Description
In a series of essays based on surviving documents of actual court practices from Perugia and Bologna, as well as laws, statutes, and theoretical works from the 12th and 13th centuries, Massimo Vallerani offers important historical insights into the establishment of a trial-based public justice system. Challenging the long-standing evolutionary paradigm of medieval legal procedures, Vallerani argues that public justice was not the triumph of strong inquisitorial procedure over weak accusatory procedure, but rather a process in which the two procedures developed in tandem. He demonstrates that inquisition and accusation shared many features in their intertwining goals of punishment and reconciliation.
The grand narrative of the evolution of criminal justice is dismantled in this work, originally published in Italian and widely cited as a ground breaking study of legal procedure. Vallerani contends that accusatio and inquisitio were formed simultaneously to address different needs: to seek and construct different “truths”—the truth of the fact that occurred outside the courtroom as revealed by the probing of the judge, and the truth that emerges inside the triadic model of the courtroom as a result of negotiations between the disputing parties under the guidance of the judge.

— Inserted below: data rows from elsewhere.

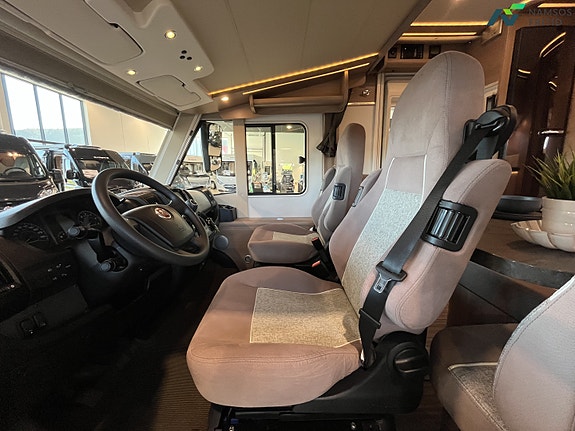 Carthago Malibu I 440 LE - 2,3l / 150hk man | KLASSE B | DOBBELTGULV | LAV KM 15 of 30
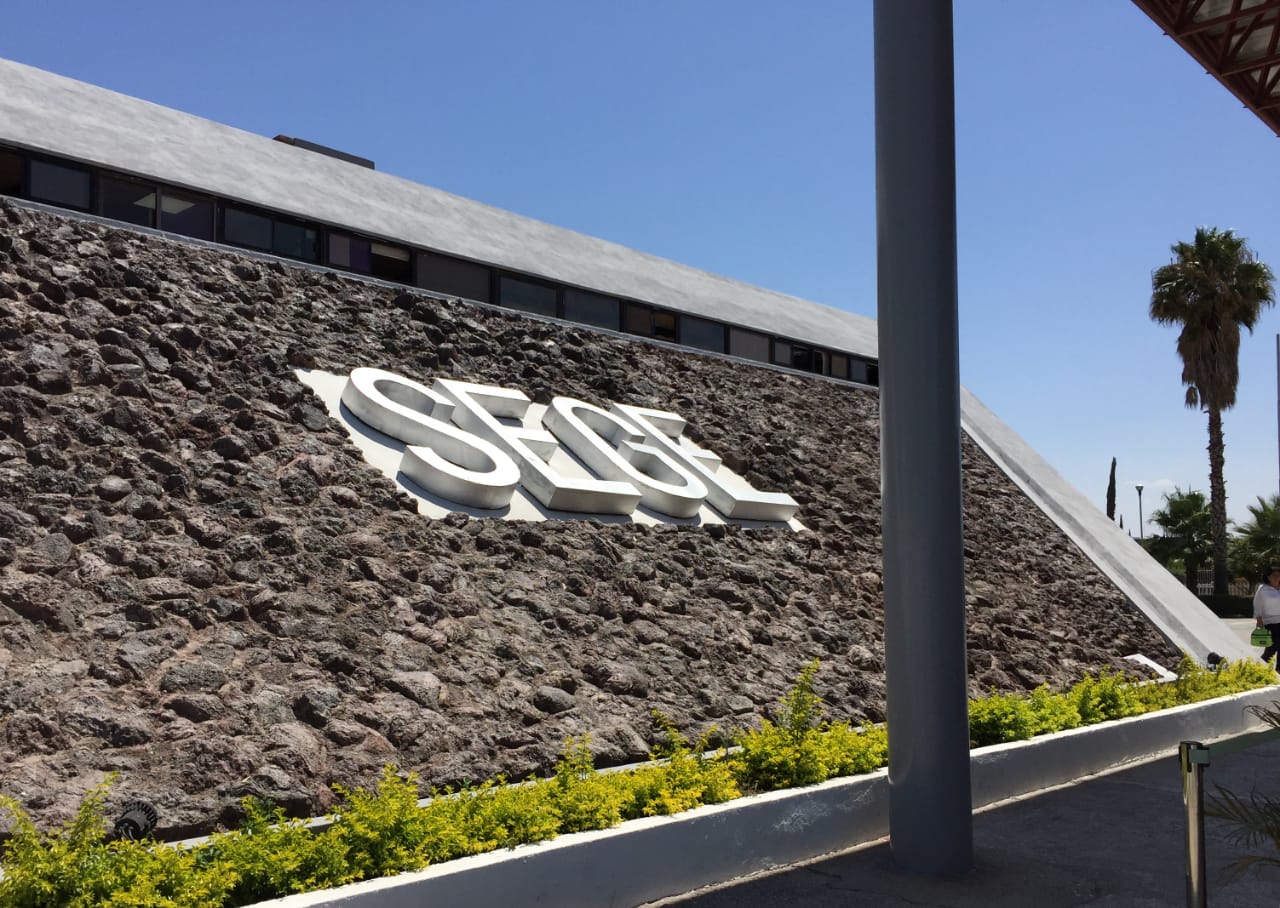 Persisten adeudos en educación, reconoce SEGE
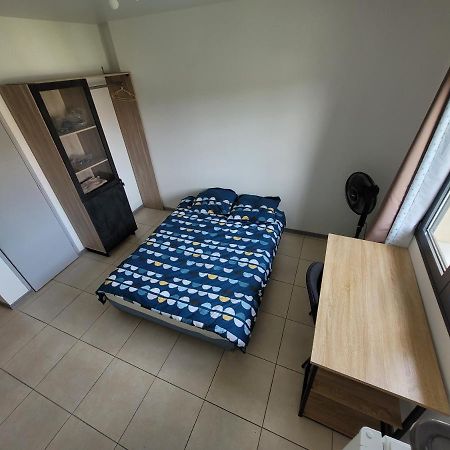 Residence De La Gare, Chambre Meublee Лонжумо Екстер'єр фото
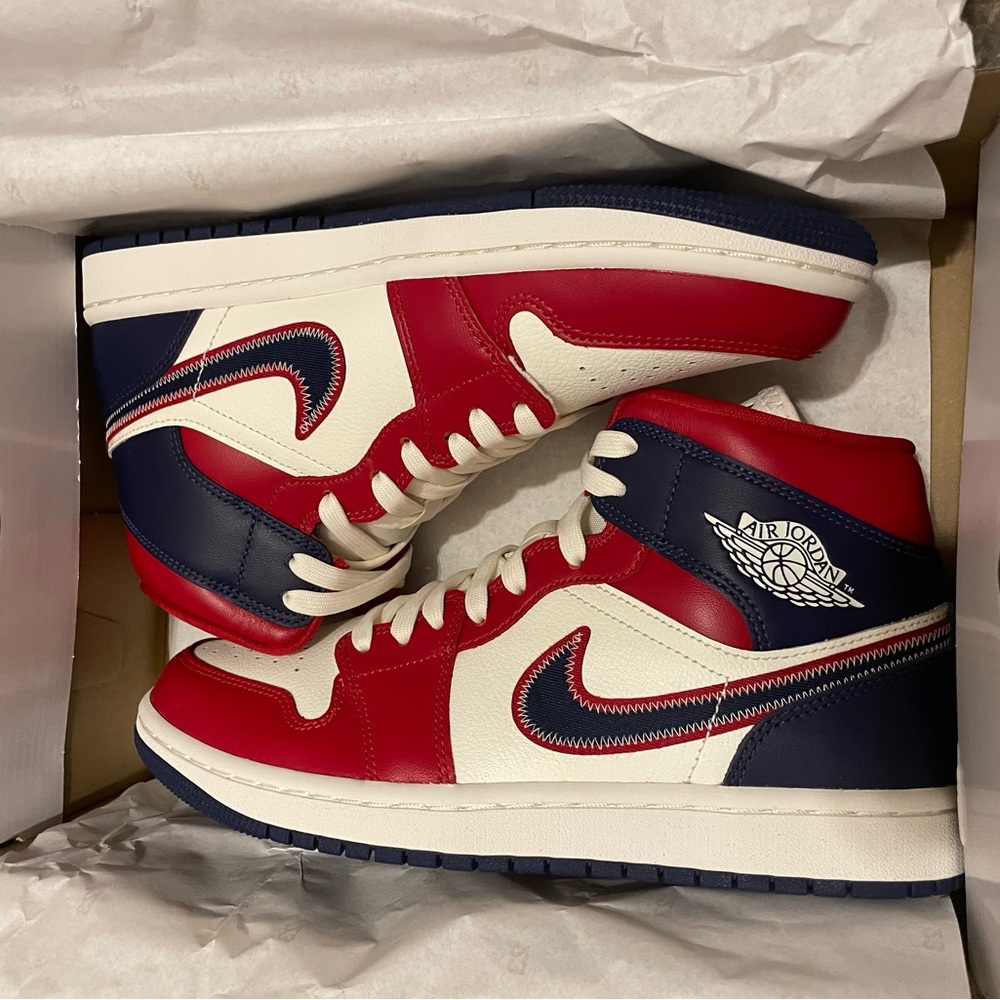 Air Jordan Mid SE NEW RARE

Vallerani’s rich approach to his sources includes statistical analysis of the court records, revealing the functioning of the courts in terms of the incidence of torture, the proportions of trials initiated by accusatio and inquisitio, and the percentage of trials suspended at different stages of litigation. Furthermore, he sets legal procedures within the context of a society and political world immersed in violence and conflict and shows how the supplica, or petition for pardon, played a major role in the transformation from communal to signorial government in the early fourteenth century.